Streamlining the Detection of FLT3 Internal Tandem Duplication (FLT3-ITD) Using the Cepheid Genexpert® Automated System

Objectives: The development of targeted therapies for Acute Myeloid leukemia (AML) demands fast and reliable diagnostic tests. Specifically, FMS-like tyrosine kinase 3 (FLT3-ITD), comprising nearly 25% of all AML cases, is the most common targetable mutation in AML. Current diagnosis of FLT3-ITD by PCR involves numerous laborious steps, with bench-top steps involving time-consuming whole blood processing, DNA isolation, plate-based PCR and subsequent fragment analysis by capillary electrophoresis. Consequently this adds significant overhead, time-consuming personnel training, and numerous steps which could lead to errors, all of which increase the resource burden and time to result. The objective of this study was to create an automated FLT3-ITD diagnostic prototype that is faster, requires less hands-on time that can detect all clinically relevant ITD lengths.

Methods: We have developed a simplified FLT3-ITD prototype assay using the Cepheid GeneXpert® automated platform for FLT3-ITD detection. The prototype substantially streamlines the process, using a less than 30 minutes off-board time to prepare a universal blood lysate that is compatible with all Cepheid Hematology Oncology products. Once the sample is loaded into the cartridge and inserted into the instrument, the cartridge performs automated DNA isolation, purification, and qPCR. A Taqman-based probe for ABL is utilized in the qPCR step as a PCR control to ensure that the blood processing and qPCR was successful and avoid wasted downstream steps. Quantitative fragment analysis can easily be performed on the PCR product using capillary electrophoresis (CE) for precise allelic ratio (AR) callout. Additionally, the PCR product is compatible be run on a bioanalyzer or standard Agarose Gel-Electrophoresis if available.

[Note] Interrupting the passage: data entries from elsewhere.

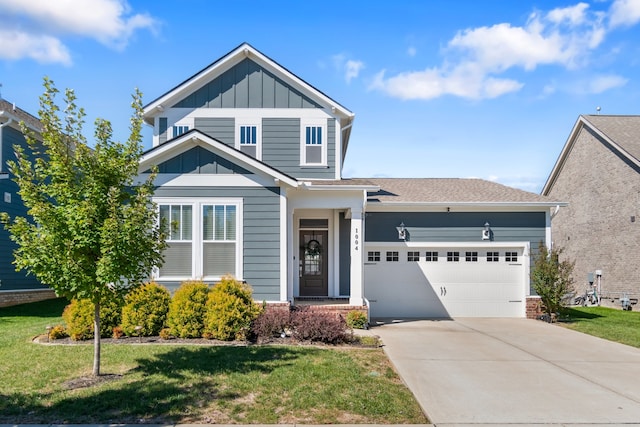 view of front of home with a garage and a front yard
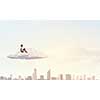 Depressed young businessman sitting alone on cloud high in sky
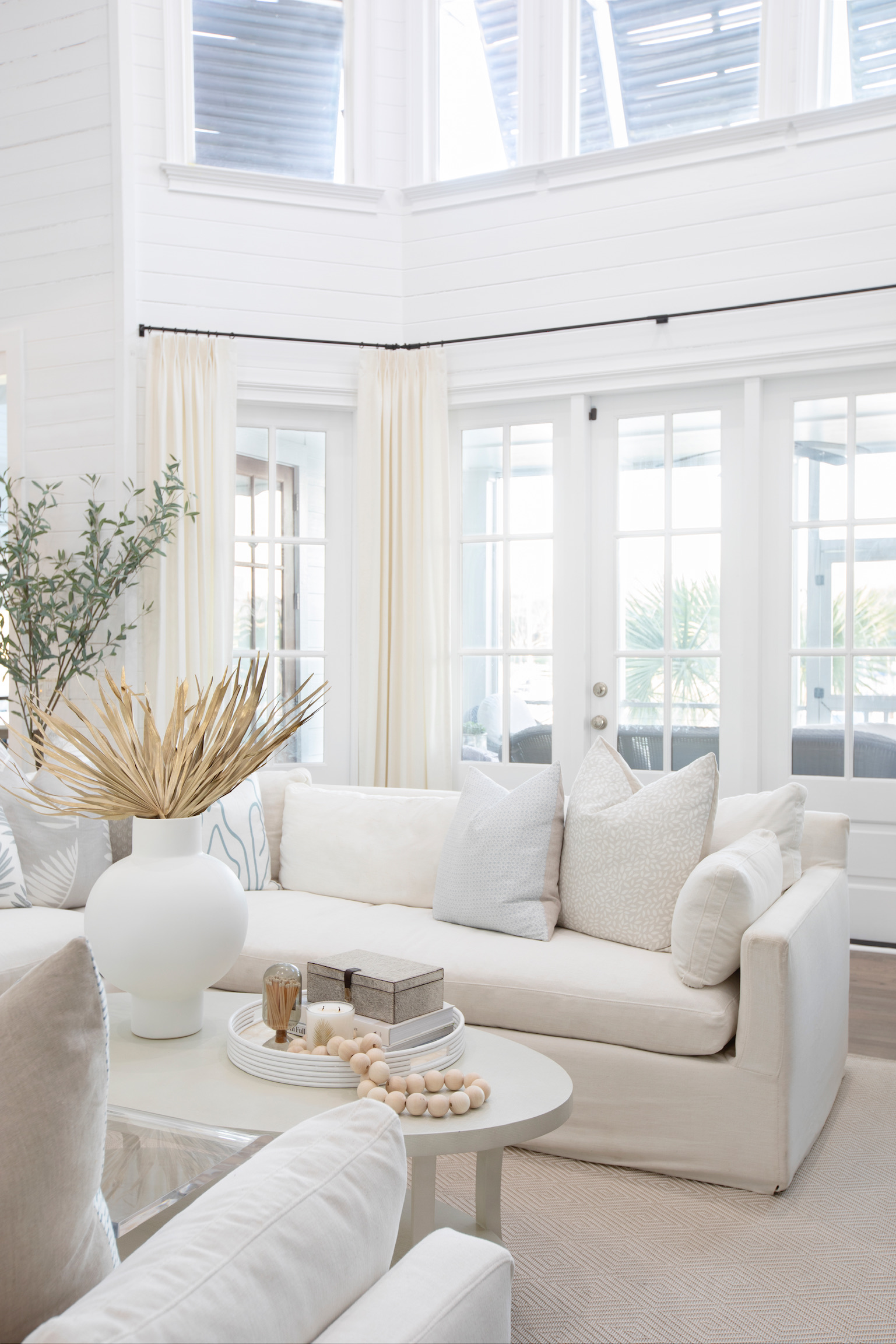 Bright coastal living room with white sofas, tall windows, soft neutral pillows, sheer drapery, and natural decorative accents.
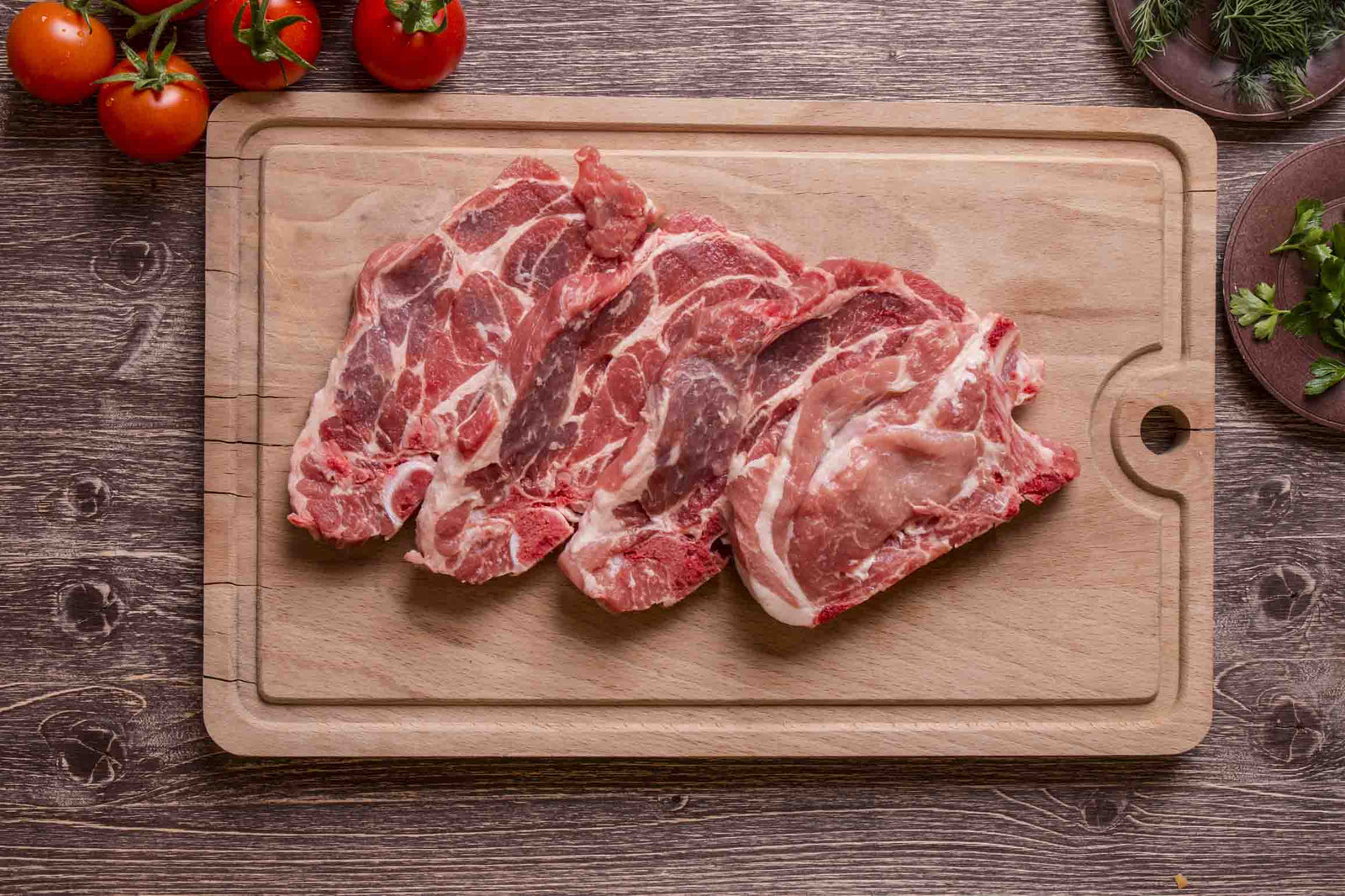 Non-GMO Pastured pork chops steaks country ribs bone in organically raised glyphosate-free soy free gluten free celiac crones disease gut health grass Northstar Bison as nature intended wild hog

Results: The developed automated FLT3-ITD diagnostic prototype demonstrated significant improvements over the existing methodologies with substantially reduced time to result and simplicity in use. To assess the sensitivity of this prototype, we used MV4-11 cancer cells harboring a 30 bp ITD and CRISPR-CAS engineered human cell lines with 3 bp, 21 bp, and 75 bp FLT3 ITD insertions, comprising the most commonly detected ITD lengths spiked into EDTA blood as a test material. For these ITD's, we observed sensitivity and linearity down to 0.01-0.02 by CE for the ITDs tested. Importantly, the prototype detected all lengths of ITD mutations with inserts from 3bp to 300 bp using plasmid test materials.

Conclusion: We have successfully developed a novel FLT3-ITD diagnostic prototype that has several major advantages over existing methodologies. The prototype significantly reduces the time and hands-on effort required for analysis, streamlining the diagnostic process for same day results. The larger sample volume used allows improved sensitivity to ensure accurate detection, even at low allelic frequencies. Additionally, the prototype requires fewer reagents in that sample prep and qPCR are performed in a single cartridge and run hands-free. Downstream analysis of amplified products can be easily performed and validated using capillary electrophoresis, bioanalyzer, or gel electrophoresis. Finally, because this prototype uses the same universal blood lysate as other AML tests, it has the potential to improve future diagnostic therapeutic interventions in the clinic.